Saturday, 27 October 2007

The sky’s the limit.

I have a voice control problem. Twice, I have been told to turn down my volume when in the air, once by a fellow passenger and once by a trolley dolly. Imagine what would happen if I was allowed to take to the skies, with a telephonic device surgically attached. Well beware. By the start of next year, BMI Baby, Ryan Air and Air France fans may be able to do just that.

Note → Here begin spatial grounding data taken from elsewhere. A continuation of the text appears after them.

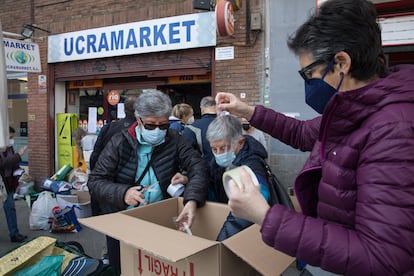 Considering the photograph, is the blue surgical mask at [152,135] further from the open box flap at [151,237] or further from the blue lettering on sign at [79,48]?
the blue lettering on sign at [79,48]

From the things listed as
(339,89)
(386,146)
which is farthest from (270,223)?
(339,89)

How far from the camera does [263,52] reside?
17.7 ft

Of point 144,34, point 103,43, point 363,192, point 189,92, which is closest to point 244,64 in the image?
point 189,92

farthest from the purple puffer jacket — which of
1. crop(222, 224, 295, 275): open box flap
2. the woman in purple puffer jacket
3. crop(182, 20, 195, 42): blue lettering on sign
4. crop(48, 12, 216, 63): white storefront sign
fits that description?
crop(182, 20, 195, 42): blue lettering on sign

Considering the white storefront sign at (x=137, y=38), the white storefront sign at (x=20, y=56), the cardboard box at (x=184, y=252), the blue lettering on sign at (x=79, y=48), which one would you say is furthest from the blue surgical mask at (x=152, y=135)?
the blue lettering on sign at (x=79, y=48)

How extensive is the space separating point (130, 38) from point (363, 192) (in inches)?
243

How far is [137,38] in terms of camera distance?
20.6 ft

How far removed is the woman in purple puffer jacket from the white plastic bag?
16.6 feet

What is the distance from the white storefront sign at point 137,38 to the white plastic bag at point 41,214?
3.12 m

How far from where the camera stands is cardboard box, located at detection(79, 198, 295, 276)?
1.22 m

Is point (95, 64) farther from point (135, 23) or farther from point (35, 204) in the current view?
point (35, 204)

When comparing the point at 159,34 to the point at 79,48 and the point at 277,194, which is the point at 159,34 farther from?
the point at 277,194

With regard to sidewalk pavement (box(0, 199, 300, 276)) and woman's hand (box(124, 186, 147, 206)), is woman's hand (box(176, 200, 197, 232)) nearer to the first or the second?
woman's hand (box(124, 186, 147, 206))

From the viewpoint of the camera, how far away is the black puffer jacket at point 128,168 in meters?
2.10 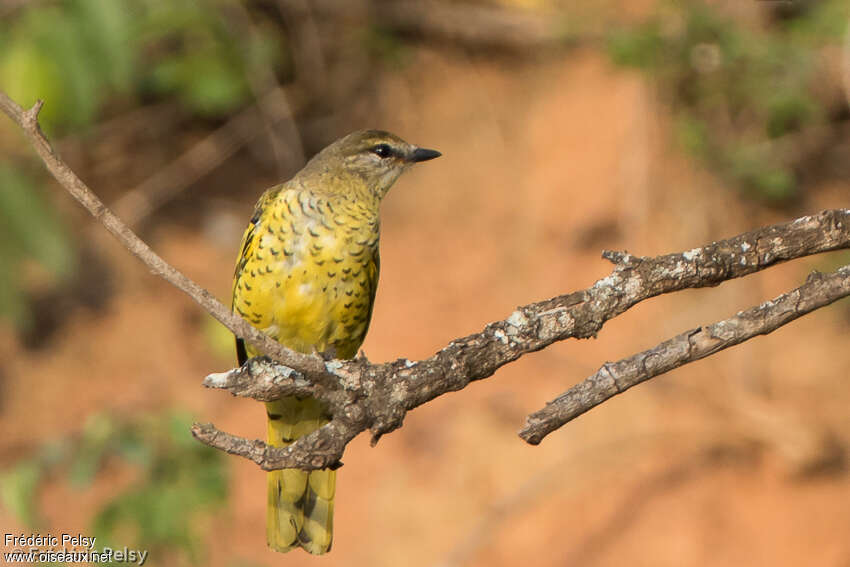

I’m a little confused. The Guardian has announced that Transport for London will soon be dishing out on the spot fines to anyone listening to Sean Kingston too loudly on their iPod (not that I would disagree with this particular sanity-preserving mechanism.) And yet the European Aviation Safety Agency are about to give free rein to an aeronautic soundtrack worthy of any glossy mag’s problem page.

Just imagine the mixture of banal and exasperating conversations flitting around the cabin, thousands of feet above ground level: the lovers’ tiff, the business man demanding steak for dinner on arrival, the nervous first-time flyer needing constant weather reports and the hormonal teen stressing about Saturday night’s outfit. Talk about disturbance.

Then you’d have the 34 year old IT-geek click, click, clicking away, playing Snake and desperately trying to beat his PB before the in-flight up-date. And what about the couple who have just met in departures over a Prêt à Manger sandwich and embark on a never-ending textathon throughout the journey? The Mile High Club would go techno, and phone sex would take to the skies.

The mixture of ring tones would be worse than that infamously infuriating cinema advert. Whizzing across time zones would ensure a relentless racket of tinny pop tunes and keyboard demos. And some Trigger Happy TV wannabe joker would inevitably impersonate the mobile phone scene midway across the Atlantic just as your sleeping pills are kicking in.

So would there be a “turn off to switch off” flight deck mantra? A silent mode policy enforced upon sky-high chatterboxes? If that were the case, I can just picture a 747 dangerously veering off course as a result of the manic vibrations of a cabin-full of cell phones.

When on a train, you can death-stare the babbling culprit into submission. Failing this, change carriage, or use your voice even louder. But frantically scanning the on-board safety instructions to fling open the escape exit and then desperately launching yourself into the serene skies is not quite as logistically possible.

And I don’t know about you, but I wouldn’t sit too comfortably in my reclined, leather-upholstered window seat knowing that my idle mobile prattle could potentially cause signal failure, skew avionics, detonate bombs and possibly prompt a crash worthy of a Hollywood summer blockbuster. On this note, research published last year by the British Civil Aviation Authority found that mobile phone signals distort navigation bearing displays by up to five degrees. Now my maths is not great, but couldn’t that mean ending up in San Antonio instead of St Tropez.

I am slightly comforted, albeit somewhat bemused, to hear that earlier this month the U.S. Federal Aviation Authority ruled that it would not allow mobile calls on planes for the foreseeable future.

The Daily Telegraph’s Charles Starmer Smith has even gone so far as to launch a campaign against in-flight mobile use to preserve passengers’ safety and sanity when their heads are in the clouds. But in such a technologically infatuated world and one in which phone companies will be charging up to £2 a minute, I do not think that any number of right-wing intellectuals will be able to stop the surge for hell on board.

If this fearsome proposal goes ahead, the present tranquillity of cruising 30,000 feet above the ground will be ruthlessly shattered by the Mobile Phone Mafia. Catatonia may want to re-release her chart-topping hit, “It’s all over the front page, you give me air rage,” and the OED might be tempted to add an entry for it.